Siguen camino, pasan una noche tremenda a la intemperie y al otro día pisan el Salar. Carlos está rebosante de felicidad: aquello es un espectáculo digno de los dioses. La sal simula una inmensa laguna blanca; los cerros, en la lejanía, cambian de tono por efecto del sol. Y ahí mismo, en el punto más cercano que conoce de su hijo, muere Seneusky, el camarada improvisado... ¿Qué hacer? De repente, los miedos inundan el alma del porteño. Surge un pensamiento que hasta entonces había pasado por alto: en la Puna se cumplen las creencias de los puneños. No quiere quedarse con el cadáver de noche, le hiela la sangre pensar en la Barchila, el espectro de la muerte, que seguro le anda rondando los pasos. Sigue andando como puede, detrás de él viene la mula que carga el cuerpo del muerto. Es caminador. Muchas veces, a lo largo del relato, hará notar esta característica tan extraña para el citadino que es. Por fin da con un rancho y ese rancho es la morada de los Chutuska.

De aquí en más, y luego del reencuentro con su hijo, Carlos hará lo imposible por recuperarlo, aunque sus métodos serán siempre egoístas, infantiles e irresponsables.

(...)

La intriga de El salar se desarrolla en un terreno inextricable. Comienza con un sueño y termina en una situación ambigua, de soledad y desesperación. Los contrastes, tan patentes durante todo el relato, son los principales encargados de denunciar una forma de vida bajo la opresión constante del capitalismo, la explotación innoble que se promueve desde las ciudades y cae sobre la cabeza del hombres, mujeres y niños sin excepción.

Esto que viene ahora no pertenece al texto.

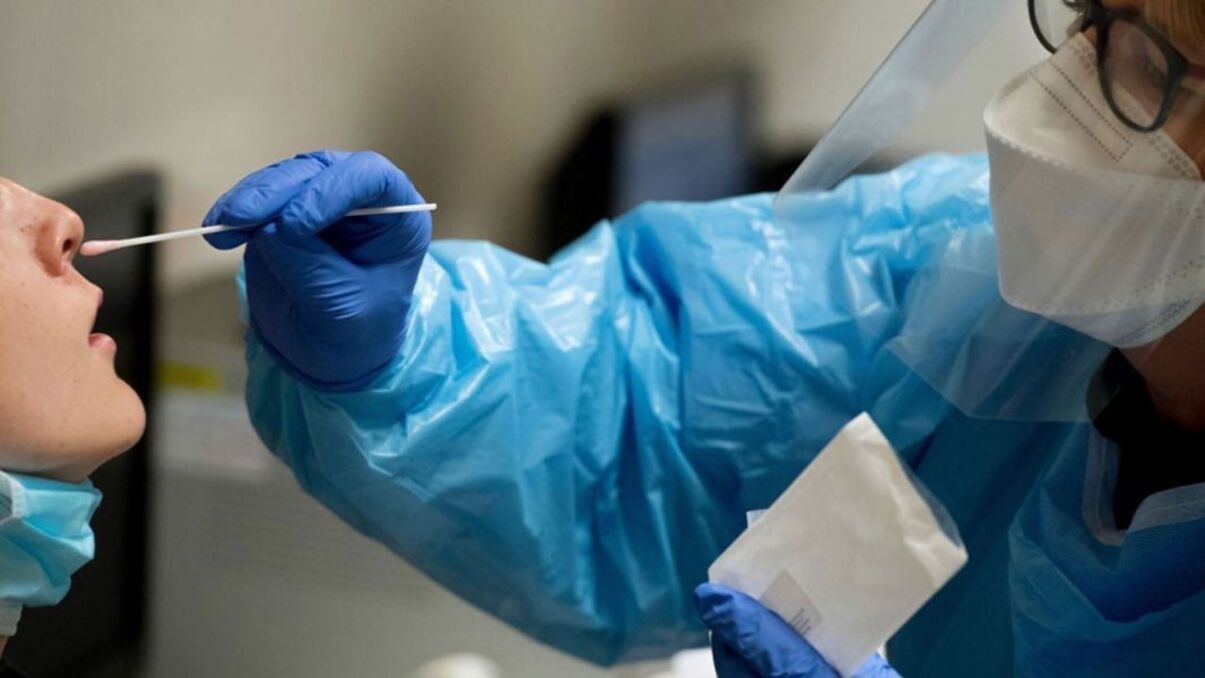 Ante el nuevo rebrote de Covid-19, desde la el Ministerio de Salud piden retomar las medidas preventivas.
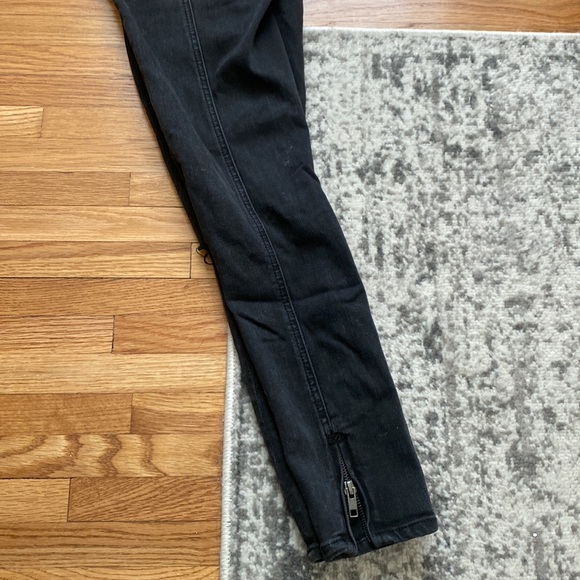 Black wash American Eagle jeans - Picture 7 of 7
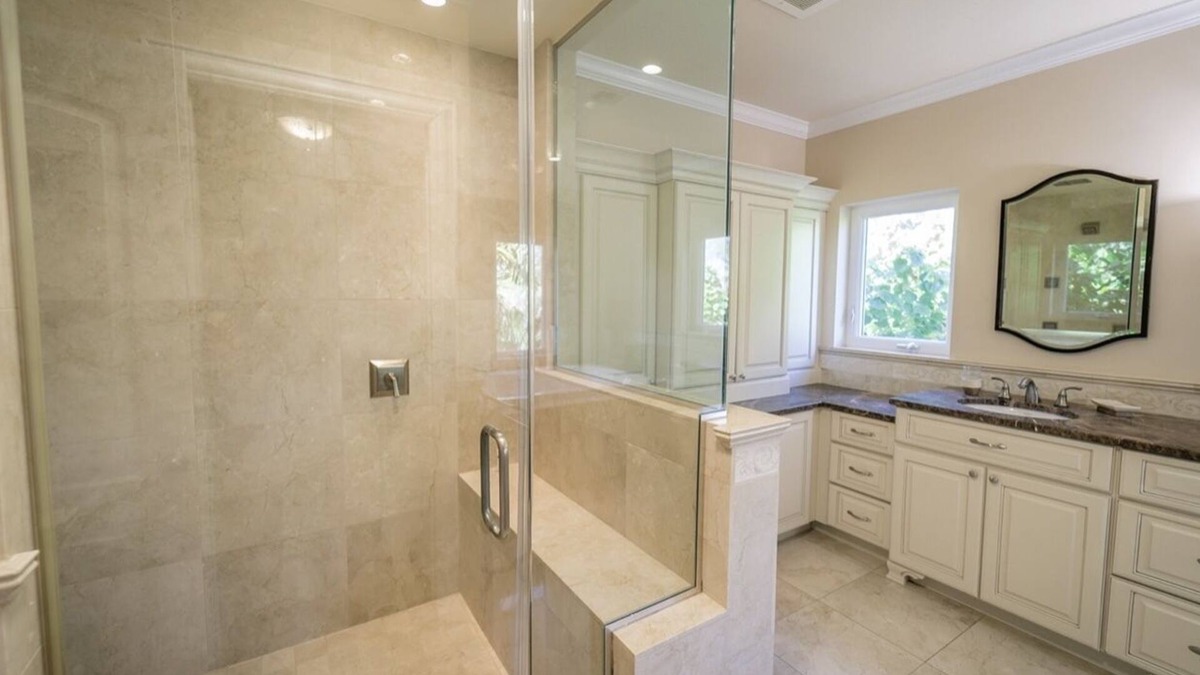Grand Cayman House | Luxury 5 bedroom Home with pool in Yacht Club near Seven Mile Beach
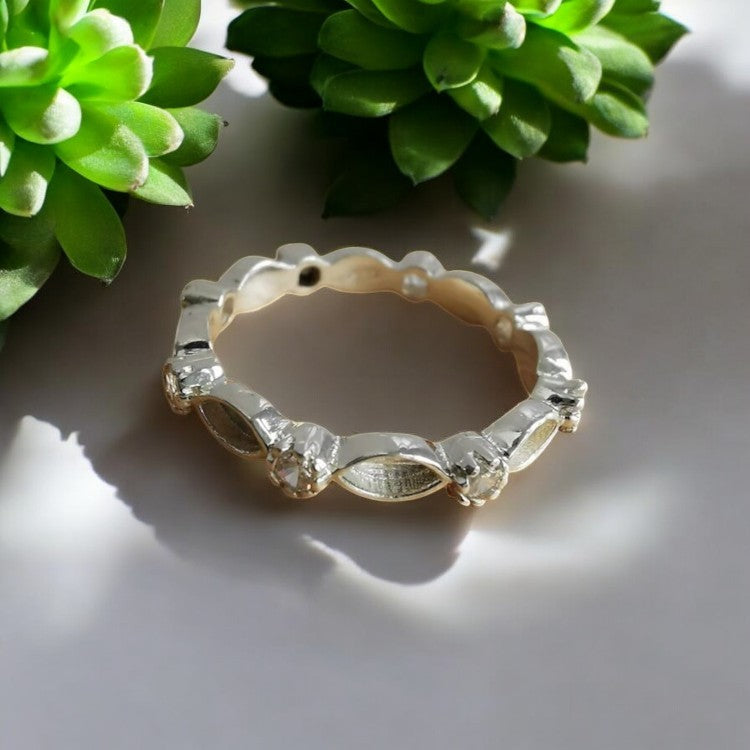 Beautiful 925 Silver and Cubic Zirconia Marquise Band ring
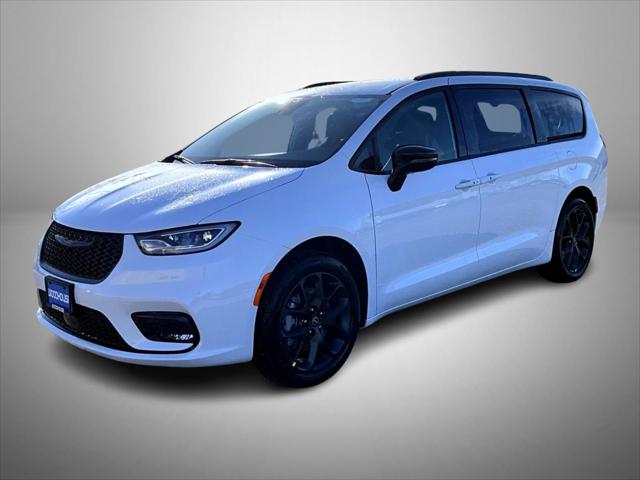 2026 Chrysler Pacifica Select AWD for sale in Sioux City, IA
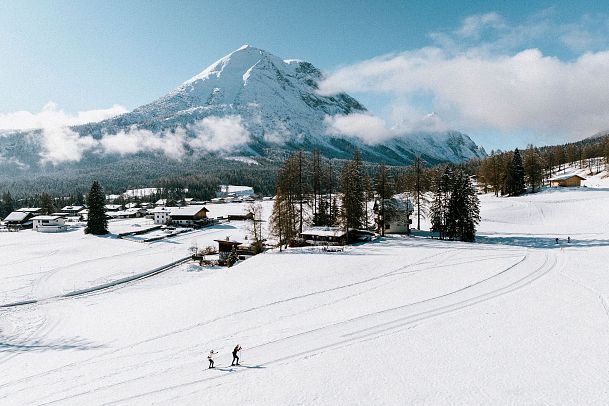 Langlaufen in der Region Seefeld - Zwei Langläufer auf Plaik C9 Loipe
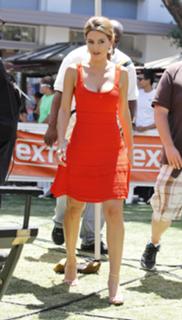 Maria Menounos feet photo thumbnail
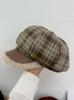 Retro Plaid Plush Star Anise Beret Women's Year Autumn Winter Warm Face Small Bud Painter Hat Tide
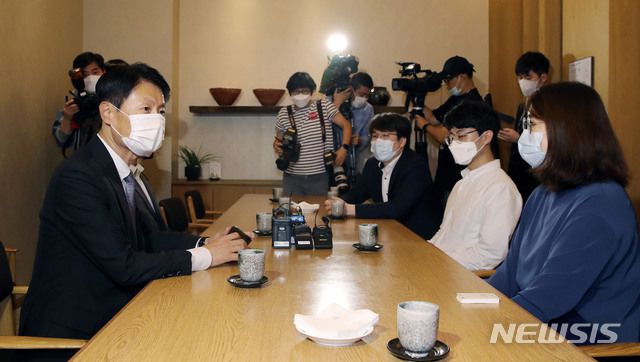 [서울=뉴시스] 박미소 기자 = 의대정원 확대에 반발하는 전공의들의 파업을 하루 앞둔 지난 6일 오후 김강립(왼쪽) 보건복지부 차관과 박지현 대한전공의협의회장이 서울 서초구 팔래스호텔에서 열린 보건복지부와 대한전공의협의회 간 간담회에서 대화하고 있다. 2020.08.06. misocamera@newsis.com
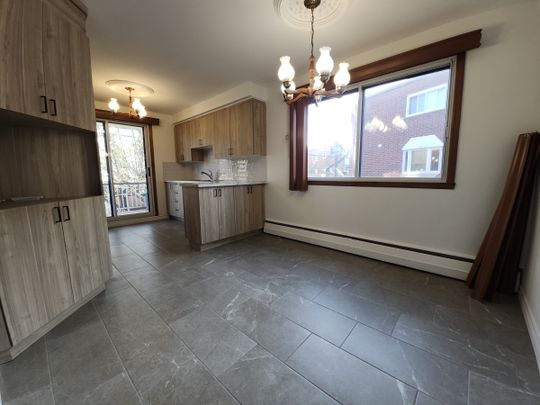 Spacieuse unité de 3 chambres à coucher située dans un charmant duplex. - Photo 1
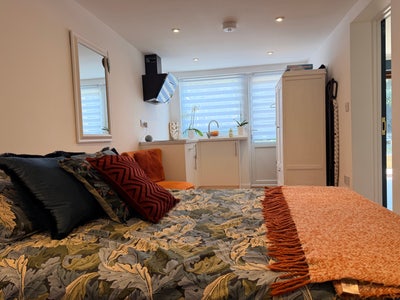 Amazing Double En-Suite Room with Kitchen  Main Photo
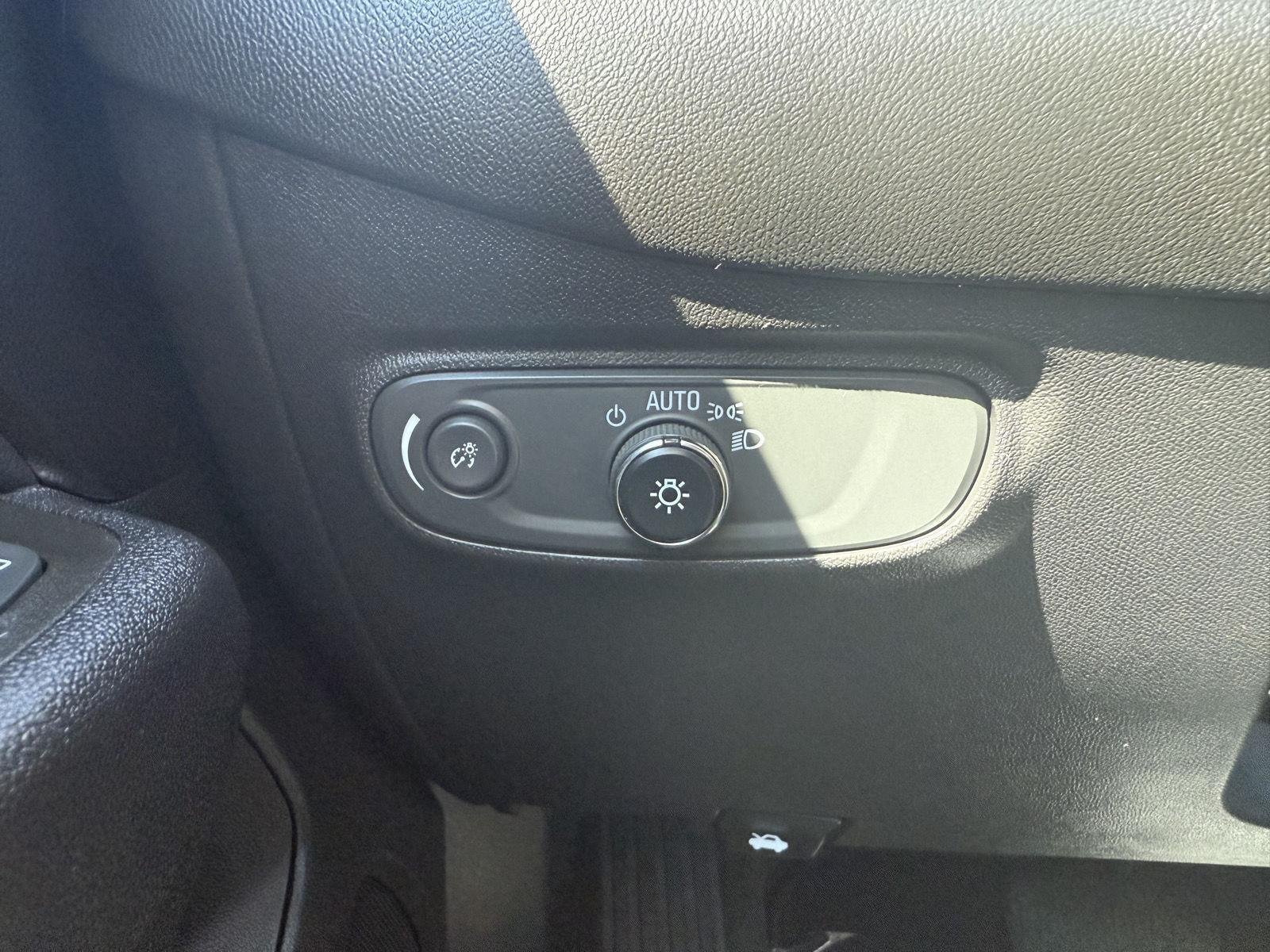 Used 2022 Summit White Chevrolet LT image 12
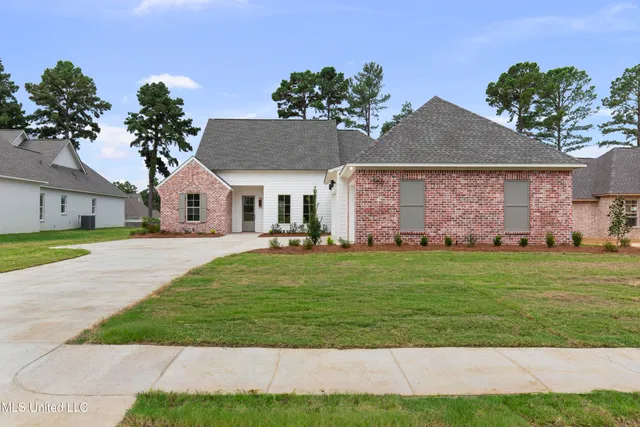 $542,000 | 366 Wellstone Place, Madison, MS 39110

La novela de Burgos deja así un sabor amargo. Pesimista y de incomprensión, aunque en ningún momento esta apariencia toma de lleno el relato. Son tales los parámetros de equilibrio entre los cuales se mueve el escritor tucumano que no permite un ápice de flojera sentimental. Ése quizá sea su mayor mérito: desplazar a El salar del lugar común que representa el “regionalismo” en el ideario de la literatura nacional.

El énfasis que pone Burgos en contar el infortunio de su protagonista, termina, por oposición, sacando a flote una desgracia mucho más cruenta y real, que es, al fin y al cabo, la de la familia Chutuska.